For the climb, Ando-san and another guy from IS, Tatsuya Kawamura, brought rice balls and sandwiches, fleece jackets and gloves, forehead-mounted flashlights and bottles of oxygen. I showed up wearing jeans and a polyester windbreaker, carrying a bottle of water and bag of potato chips. I thought this was going to be like a nature hike. I was wrong.
Russ Finney (left) with coworker Tatsuya Kawamura on Mt. Fuji.
We drove to a starting point about halfway up the snow-capped volcano and started climbing. It was easy at first but pretty soon we were climbing on all fours along the narrow ledges. I kept reminding myself not to look down.

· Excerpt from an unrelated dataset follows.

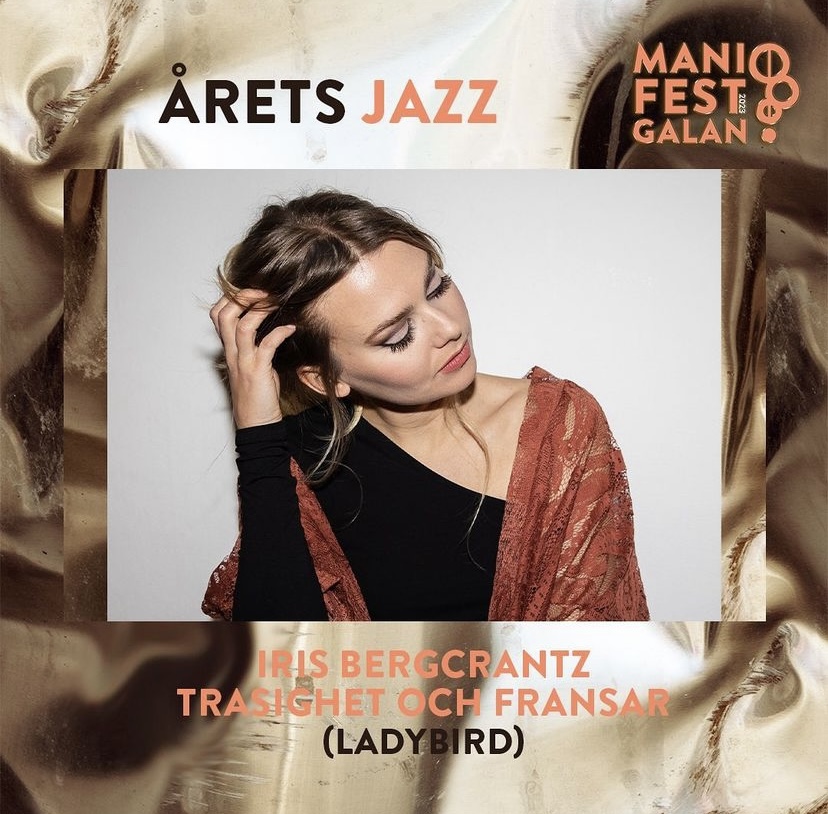 Iris Bergcrantz nominerad till Manifestgalans pris i kategorin Årets Jazz!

We stopped chatting about our families and started asking each other, “Are you all right?” By late afternoon we had nearly reached the top. We were 12,000 feet up and the view was like looking out the window of an airplane.
Going down was worse. It got dark quickly and I was falling all the time. I didn’t have my own flashlight and I had to follow closely behind my colleagues. It was treacherous and tiring. Ando and Tatsuya kept me motivated by telling me that I could achieve another one of my goals when we got down: bathe in a hot spring.

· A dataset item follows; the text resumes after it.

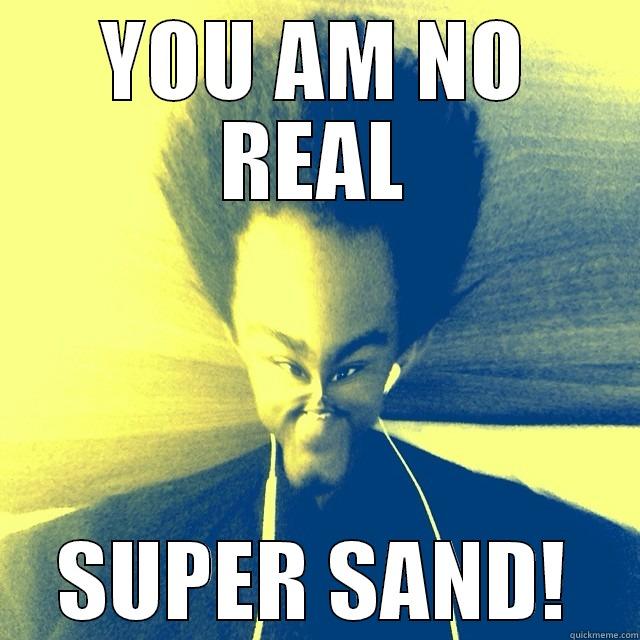 YOU AM NO REAL SUPER SAND! Misc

We made it back to the car at 3 a.m. and celebrated by doing a traditional Japanese “Banzai” cheer.
Before the climb we were colleagues; now we’re friends. We developed a higher level of respect for one another. That will happen when you are clinging to the side of a mountain.
Japan has a formal society and it sometimes seems impossible to get to know people. Now we have dinner together and tell stories about our climb all the time. I’ve been to one of their homes, which is pretty rare in Japan. I also gained a lot of respect at Tokyo headquarters. At board meetings, people talk about how I climbed Fuji.
I won’t, however, do it again. There’s a Japanese proverb that says: “A wise person will climb Mt. Fuji once, but only a fool will climb it twice.”